Proceedings of the Pennsylvania Economic Association 145
Data Analysis and Results
Before determining which explanatory variables have a
significant impact on the ACSI ratings of U.S. airlines, we
first examine if (and how) the mean ACSI ratings might
differ among the seven airline companies in our study. Given
that the annual airline ACSI ratings may be influenced by
economic and/or other factors related to time period, we use
year as the blocking variable. Consequently, we perform an
analysis of variance (ANOVA) using one factor (airline) and
one block (year), the response variable being annual ACSI
rating. The ANOVA results appear in Table 2.
Taking into account the variation in ACSI ratings explained
by time period (the blocking variable) we can reject the null
hypothesis that the mean ACSI ratings are the same across all
seven airlines. Further analysis reveals that the mean ACSI
rating for Southwest is significantly higher than for all other
airlines included in our study. Moreover, Continental was
found to have a significantly higher mean ACSI rating than
the remaining six airlines. In addition, American and Delta,
while not significantly different from each other, had
significantly higher mean ACSI ratings compared with
Northwest, United and US Airways.
Stepwise regression was used to fit a multiple regression
model with annual airline company ACSI rating as the
dependent variable and thirteen potential independent
variables (the twelve listed in Table 1 and Year). Stepwise
regression is an automatic model building procedure that
employs a forward selection method for adding variables to
the model with a “backward” look to drop any that become
insignificant. The data used to fit the model spanned the 14-
year period from 1998 to 2011. However, as a result of
mergers, data for Northwest and Continental were available
only through 2009 and 2010, respectively. The data were
found to satisfy the basic assumptions for regression.
Regression results are reported in Table 3.

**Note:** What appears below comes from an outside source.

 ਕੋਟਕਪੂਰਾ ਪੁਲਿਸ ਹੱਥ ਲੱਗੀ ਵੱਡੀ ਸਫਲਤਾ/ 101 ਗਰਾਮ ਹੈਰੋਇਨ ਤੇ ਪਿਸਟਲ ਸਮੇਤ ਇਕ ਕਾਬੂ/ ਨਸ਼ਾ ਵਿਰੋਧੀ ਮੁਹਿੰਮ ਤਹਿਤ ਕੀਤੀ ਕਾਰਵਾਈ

Of the thirteen potential independent variables presumed to
be related to ACSI ratings, six are found to be statistically
significant (at α = 0.05). These are the four complaint
categories of Reservations/Ticketing/Boarding, Baggage,
Customer Service, and Disability as well as Year and
Percentage of On-Time Arrivals. The model explains almost
65% of the variability in ACSI ratings as indicated by the
resulting R2 value of .648. As expected, the coefficient
associated with the percentage of on-time arrivals is positive.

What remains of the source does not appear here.